Man has been fascinated with the idea of flight since the beginnings of civilization. Many inventors through history worked towards the development of the “Flying Machine”. To create a flying machine, most of these inventors looked to nature. In nature we found our only working model of a flying machine, which was the bird. Most inventors who aspired to create a flying machine created various forms of ornithopters.
Ornithopters are flying machines that work by flapping their wings. This is how a bird works, so it seemed only logical that this would be the way to create such a device. However none of the ornithopters were successful. They simply could not generate sufficient lift to overcome their weight. Many designs were tried.
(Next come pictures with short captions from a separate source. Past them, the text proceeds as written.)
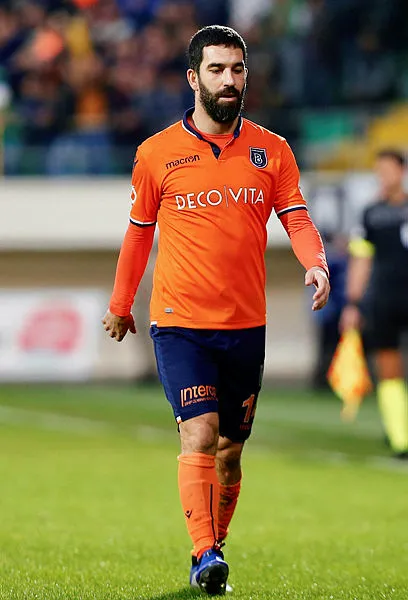 Son dakika: Arda Turan Başakşehir’in kamp kadrosunun dışında bırakıldı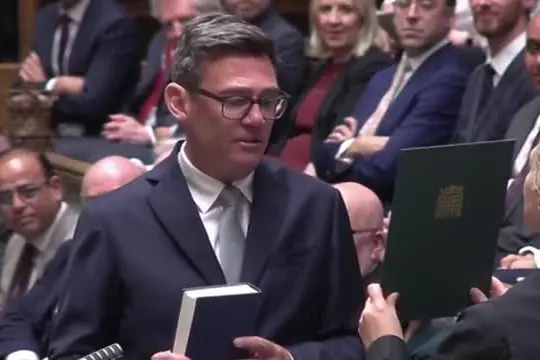 Gb, Andy Burnham ha prestato giuramento come deputato per Makerfield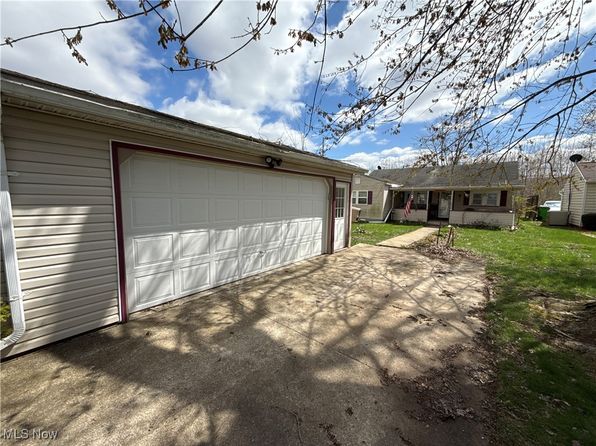 1227 Gorley St, Uhrichsville, OH 44683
Figure 1.6 shows one such design that was patented in the late 1800’s.
Figure 1.6: An Ornithopter
It was not until Wilbur and Orville Wright decided to use a fixed wing design that air plane technology began to truly advance. For years, the paradigm of modeling the bird was pursued. Once the two brothers broke with this tradition, this area of science began to move forward. Perhaps AI is no different. Perhaps it will take a new paradigm, outside of the neural network, to usher in the next era of AI.